>>>
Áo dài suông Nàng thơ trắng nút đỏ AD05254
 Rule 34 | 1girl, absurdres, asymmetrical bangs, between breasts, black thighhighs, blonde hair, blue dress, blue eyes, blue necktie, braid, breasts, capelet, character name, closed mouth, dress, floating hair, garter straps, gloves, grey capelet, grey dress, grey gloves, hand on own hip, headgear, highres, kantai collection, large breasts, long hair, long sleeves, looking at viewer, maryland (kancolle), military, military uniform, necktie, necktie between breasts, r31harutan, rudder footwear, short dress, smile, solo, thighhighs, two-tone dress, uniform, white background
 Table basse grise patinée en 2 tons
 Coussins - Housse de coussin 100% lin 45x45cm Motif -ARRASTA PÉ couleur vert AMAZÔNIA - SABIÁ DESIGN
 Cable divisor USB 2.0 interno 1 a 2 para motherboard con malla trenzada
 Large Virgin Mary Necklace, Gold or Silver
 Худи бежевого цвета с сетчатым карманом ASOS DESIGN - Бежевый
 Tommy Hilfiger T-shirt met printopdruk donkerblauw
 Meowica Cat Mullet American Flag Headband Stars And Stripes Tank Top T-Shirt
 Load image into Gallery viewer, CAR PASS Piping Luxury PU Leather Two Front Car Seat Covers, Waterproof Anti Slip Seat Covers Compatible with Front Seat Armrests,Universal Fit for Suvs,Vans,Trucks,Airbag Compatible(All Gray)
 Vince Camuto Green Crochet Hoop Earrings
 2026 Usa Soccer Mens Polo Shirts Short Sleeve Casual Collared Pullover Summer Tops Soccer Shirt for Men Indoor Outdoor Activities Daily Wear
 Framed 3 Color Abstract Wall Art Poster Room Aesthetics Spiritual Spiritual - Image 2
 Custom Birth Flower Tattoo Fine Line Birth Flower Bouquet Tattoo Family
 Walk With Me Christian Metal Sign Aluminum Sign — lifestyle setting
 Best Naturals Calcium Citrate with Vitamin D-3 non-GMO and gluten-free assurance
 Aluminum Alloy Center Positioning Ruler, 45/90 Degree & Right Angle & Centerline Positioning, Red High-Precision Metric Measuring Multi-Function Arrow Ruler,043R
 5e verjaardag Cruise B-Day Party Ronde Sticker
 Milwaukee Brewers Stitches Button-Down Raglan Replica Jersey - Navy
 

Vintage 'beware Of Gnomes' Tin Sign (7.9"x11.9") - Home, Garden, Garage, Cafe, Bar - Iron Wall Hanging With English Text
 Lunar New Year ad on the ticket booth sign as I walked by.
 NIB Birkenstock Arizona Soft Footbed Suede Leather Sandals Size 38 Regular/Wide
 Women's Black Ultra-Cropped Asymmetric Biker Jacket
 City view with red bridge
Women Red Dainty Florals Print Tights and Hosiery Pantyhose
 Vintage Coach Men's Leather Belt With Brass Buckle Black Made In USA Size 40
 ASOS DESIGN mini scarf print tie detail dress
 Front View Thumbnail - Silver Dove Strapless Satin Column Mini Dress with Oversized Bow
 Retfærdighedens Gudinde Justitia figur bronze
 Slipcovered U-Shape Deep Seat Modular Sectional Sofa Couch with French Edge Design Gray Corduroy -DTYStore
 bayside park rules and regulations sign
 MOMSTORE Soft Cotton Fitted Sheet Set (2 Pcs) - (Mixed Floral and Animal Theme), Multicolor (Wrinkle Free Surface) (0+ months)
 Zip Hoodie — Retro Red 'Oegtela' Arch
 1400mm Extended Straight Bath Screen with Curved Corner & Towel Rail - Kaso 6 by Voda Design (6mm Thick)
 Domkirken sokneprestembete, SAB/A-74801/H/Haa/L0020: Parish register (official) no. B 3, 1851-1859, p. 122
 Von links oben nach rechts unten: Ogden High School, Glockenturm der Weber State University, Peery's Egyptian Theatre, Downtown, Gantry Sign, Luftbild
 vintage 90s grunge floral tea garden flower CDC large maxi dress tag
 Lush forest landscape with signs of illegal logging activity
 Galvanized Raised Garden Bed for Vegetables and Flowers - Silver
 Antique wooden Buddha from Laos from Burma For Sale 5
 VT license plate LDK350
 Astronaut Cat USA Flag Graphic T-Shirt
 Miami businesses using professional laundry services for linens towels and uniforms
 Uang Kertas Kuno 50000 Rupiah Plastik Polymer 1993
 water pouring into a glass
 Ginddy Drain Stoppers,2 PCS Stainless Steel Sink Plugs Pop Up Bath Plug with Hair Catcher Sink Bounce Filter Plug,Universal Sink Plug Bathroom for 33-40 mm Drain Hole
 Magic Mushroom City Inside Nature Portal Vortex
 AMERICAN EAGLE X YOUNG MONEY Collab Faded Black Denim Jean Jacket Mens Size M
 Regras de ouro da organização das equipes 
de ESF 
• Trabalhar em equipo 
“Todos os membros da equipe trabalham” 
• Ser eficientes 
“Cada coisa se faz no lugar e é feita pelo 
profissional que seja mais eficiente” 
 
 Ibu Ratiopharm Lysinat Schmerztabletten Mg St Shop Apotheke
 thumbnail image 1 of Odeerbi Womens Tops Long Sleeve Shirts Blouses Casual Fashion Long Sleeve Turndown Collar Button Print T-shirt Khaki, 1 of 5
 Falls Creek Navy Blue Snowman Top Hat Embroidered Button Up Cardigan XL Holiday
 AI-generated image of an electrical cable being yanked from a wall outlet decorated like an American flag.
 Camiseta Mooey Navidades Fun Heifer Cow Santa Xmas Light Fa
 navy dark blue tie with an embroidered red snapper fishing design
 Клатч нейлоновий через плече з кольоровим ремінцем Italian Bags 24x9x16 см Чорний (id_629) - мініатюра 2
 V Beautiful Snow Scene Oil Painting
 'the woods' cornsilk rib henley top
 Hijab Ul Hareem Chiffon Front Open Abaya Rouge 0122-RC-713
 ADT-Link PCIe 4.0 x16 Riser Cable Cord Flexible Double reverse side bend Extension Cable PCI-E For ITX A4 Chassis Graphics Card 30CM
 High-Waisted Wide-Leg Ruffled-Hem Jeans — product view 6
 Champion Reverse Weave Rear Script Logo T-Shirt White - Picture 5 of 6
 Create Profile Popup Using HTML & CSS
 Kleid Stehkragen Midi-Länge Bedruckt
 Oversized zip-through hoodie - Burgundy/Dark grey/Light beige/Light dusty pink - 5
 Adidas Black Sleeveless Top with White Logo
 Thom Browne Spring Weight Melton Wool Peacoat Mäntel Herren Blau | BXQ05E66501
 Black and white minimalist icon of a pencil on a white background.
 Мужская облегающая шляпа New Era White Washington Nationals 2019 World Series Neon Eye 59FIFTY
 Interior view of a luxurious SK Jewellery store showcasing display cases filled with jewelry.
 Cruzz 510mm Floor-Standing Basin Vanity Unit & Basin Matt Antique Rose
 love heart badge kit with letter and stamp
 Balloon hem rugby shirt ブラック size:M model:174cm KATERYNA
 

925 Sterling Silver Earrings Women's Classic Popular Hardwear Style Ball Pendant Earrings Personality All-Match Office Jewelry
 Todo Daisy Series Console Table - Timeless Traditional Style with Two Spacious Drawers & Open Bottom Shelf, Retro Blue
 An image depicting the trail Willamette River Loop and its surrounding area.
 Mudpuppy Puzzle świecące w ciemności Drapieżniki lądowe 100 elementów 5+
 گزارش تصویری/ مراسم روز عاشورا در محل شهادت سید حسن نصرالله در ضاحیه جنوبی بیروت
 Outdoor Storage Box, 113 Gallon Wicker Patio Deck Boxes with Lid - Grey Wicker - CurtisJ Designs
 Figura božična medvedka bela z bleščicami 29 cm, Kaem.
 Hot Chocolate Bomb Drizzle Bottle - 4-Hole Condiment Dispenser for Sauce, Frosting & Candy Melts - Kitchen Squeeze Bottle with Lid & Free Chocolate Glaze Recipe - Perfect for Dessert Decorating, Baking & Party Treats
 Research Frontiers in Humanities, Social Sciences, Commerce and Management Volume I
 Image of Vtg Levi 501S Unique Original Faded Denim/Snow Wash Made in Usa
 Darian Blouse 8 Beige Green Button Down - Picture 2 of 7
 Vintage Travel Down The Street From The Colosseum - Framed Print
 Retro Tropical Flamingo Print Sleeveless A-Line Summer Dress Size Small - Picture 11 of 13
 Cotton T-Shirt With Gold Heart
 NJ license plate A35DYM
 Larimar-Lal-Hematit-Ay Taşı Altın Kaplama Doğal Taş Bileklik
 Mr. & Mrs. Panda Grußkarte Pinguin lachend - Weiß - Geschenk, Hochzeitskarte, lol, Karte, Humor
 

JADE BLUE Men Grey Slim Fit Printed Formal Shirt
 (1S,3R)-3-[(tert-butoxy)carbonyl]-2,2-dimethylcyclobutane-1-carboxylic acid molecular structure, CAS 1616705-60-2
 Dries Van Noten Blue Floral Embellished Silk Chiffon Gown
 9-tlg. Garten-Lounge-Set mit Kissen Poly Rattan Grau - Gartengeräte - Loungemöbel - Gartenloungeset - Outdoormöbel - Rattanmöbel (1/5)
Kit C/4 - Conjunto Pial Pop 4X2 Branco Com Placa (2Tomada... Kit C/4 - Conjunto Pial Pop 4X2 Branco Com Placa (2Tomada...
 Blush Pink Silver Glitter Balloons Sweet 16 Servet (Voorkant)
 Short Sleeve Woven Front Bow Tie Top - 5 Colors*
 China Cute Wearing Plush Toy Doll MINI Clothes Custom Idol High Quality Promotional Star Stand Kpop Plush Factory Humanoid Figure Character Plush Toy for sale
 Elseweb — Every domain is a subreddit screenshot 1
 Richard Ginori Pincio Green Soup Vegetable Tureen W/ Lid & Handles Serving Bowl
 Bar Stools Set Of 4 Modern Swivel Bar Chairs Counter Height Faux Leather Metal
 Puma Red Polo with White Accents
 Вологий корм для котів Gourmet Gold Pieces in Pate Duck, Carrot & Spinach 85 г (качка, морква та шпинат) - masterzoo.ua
<<<
Where a line of the material above holds the string "Soft", copy that line.

COMPLETED TASK:
 NIB Birkenstock Arizona Soft Footbed Suede Leather Sandals Size 38 Regular/Wide
 MOMSTORE Soft Cotton Fitted Sheet Set (2 Pcs) - (Mixed Floral and Animal Theme), Multicolor (Wrinkle Free Surface) (0+ months)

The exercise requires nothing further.